64.5 F
Wrightsville Beach
Saturday, April 20, 2024

My thoughts

Must read

The annual North Carolina Holiday Flotilla is in its 31st year. It will attract upwards of 50,000 people to the town for the lighted boat parade, not to mention those who attend the Friday night dance party and Day in the Park.

The question is, why continue to hold this free public event for 50,000?

Or, put another way, of the thousands of annual man hours donated by volunteers who stage this event, what is the return on investment that for 2013 totaled between $80,000 – $100,000?

Who benefits? Is it the residents of Wrightsville Beach? Certainly the homes and rental units that line the parade route on South Lumina Avenue plus Harbor Island benefit. The flotilla becomes the backdrop for splendid annual Thanksgiving weekend parties with families and friends.

This is a wonderful feel-good tradition, and if you can’t have fun at the flotilla, you can’t have fun.

But is the logic behind the event the same as that behind the Azalea Festival pre-I40? To spike an influx of business at a normally dead time of year? Except for the hotels and rentals, most beach businesses say the jammed-up traffic actually hurts their receipts for the night, but no numbers are available to confirm these purely anecdotal claims. Certainly businesses on the traffic arteries off the beach stand to benefit on boat parade night as tens of thousands who have been sitting and standing out in the cold, sometimes for hours on end, trickle back to the mainland.

A portion of the revenue raised goes for the parade boat prizes. Last year the top prize was a $5,000 boat, then cash prizes for the individual categories, with prizes totaling $14,500 as noted on the nonprofit’s 990 federal filing.

So the seller of the boat, if it was purchased and not donated, benefited with a sale. In years before, the same deal: top prize was plane fare, walking around money and a limited stay in someone’s condo located in an exotic location, or very expensive his and hers watches.

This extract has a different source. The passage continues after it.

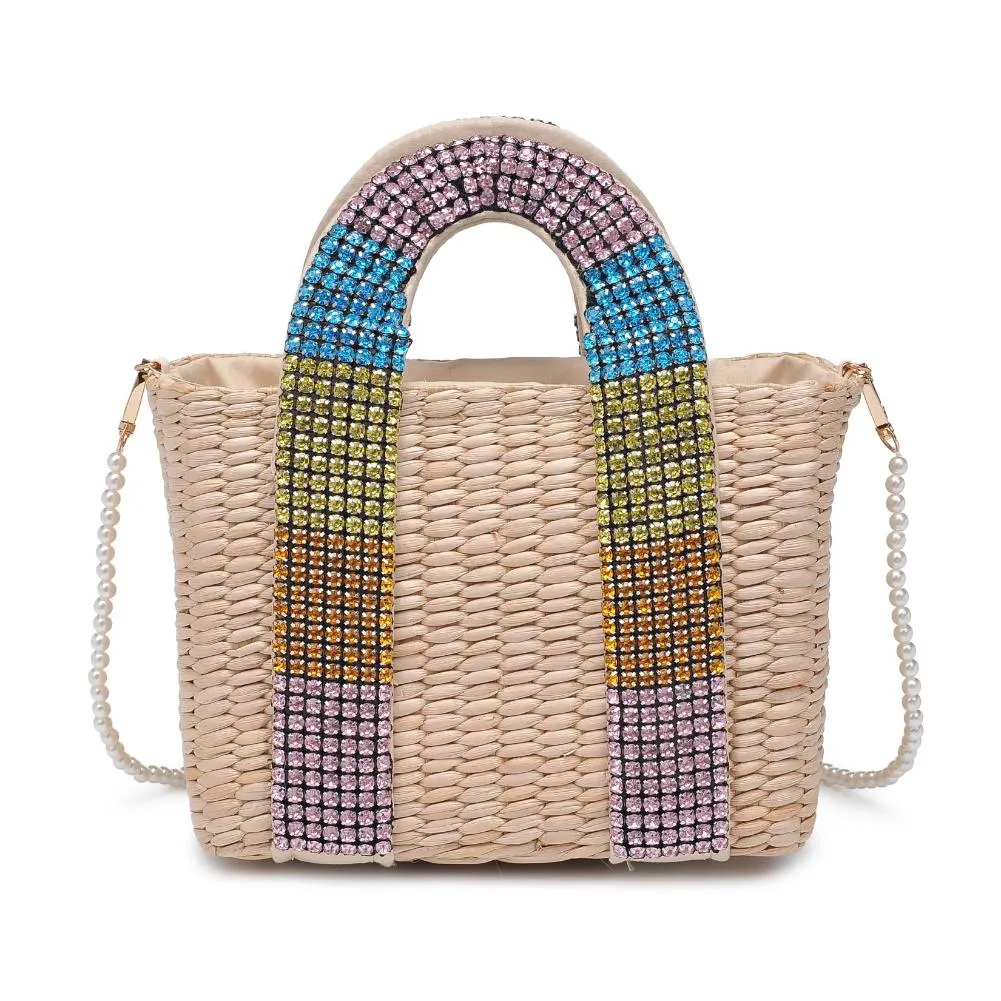 Mahdi Crossbody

This year’s flotilla organizers promise all cash prizes, to the tune of $10,500 with the grand prize $5,000 in cold, hard cash.

But the skinny on this year’s parade is: The all-volunteer team ran late securing its sponsors, which put them behind schedule for announcing the prize amounts to prospective boat captains, which means in this trickle down economy, very few boats, about seven, were signed up last week when the committee met for the last time prior to the event.

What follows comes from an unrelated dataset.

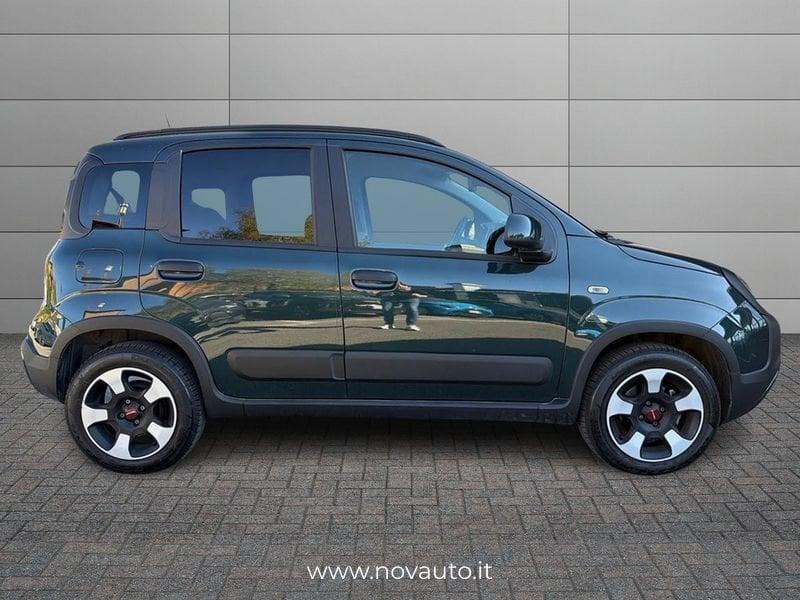 FIAT Panda 1.0 FireFly 70cv S&S Hybrid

Now the chair says there are 12 to 14 boats registered. And the event leaders expect to reach a contingent of 15-20 boats this year.

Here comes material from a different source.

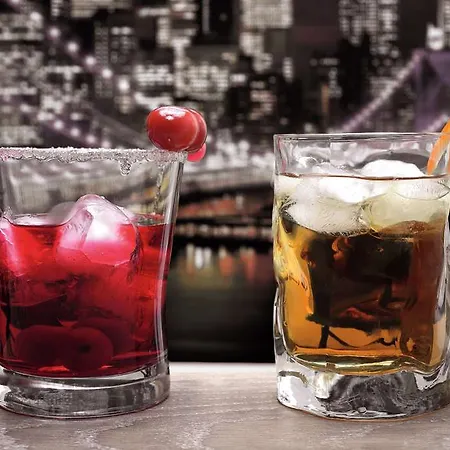 Golden Tulip Hamburg מלון ברלין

Compare that with 30 applications last flotilla, with a waiting list of 30 additional boats, and the words “falling short” come to mind.

The flotilla leadership is disinclined to talk about its lack of sponsors; its big corporate sponsor from last year dropped out and has not been replaced. But the solution is not altogether hopeless; one more corporate sponsor may be waiting in the wings.

One reason sponsors may not be ponying up this year to the extent they did in years past is the vast outpouring of donations to political candidates for midterm elections 2014. Candidates constantly beat the drum locally to replenish war chests in the quest for control. And by the numbers reported, donations poured in.

Big corporate donors are also increasingly less inclined to spend shareholders’ money to pay for a blow out party, no matter how feel-good it is, as witnessed by a push from one or more sponsors to see a give back component to the event.

As a result of this push back, for the first time an agreement was reached to make a donation in an unspecified amount from flotilla proceeds to the STEM program (science, technology, engineering and mathematics) at the DC Virgo Preparatory Academy in the Wilmington inner city. DC Virgo was one of the least performing schools in New Hanover County last year, despite a renovated infrastructure and iPads for students.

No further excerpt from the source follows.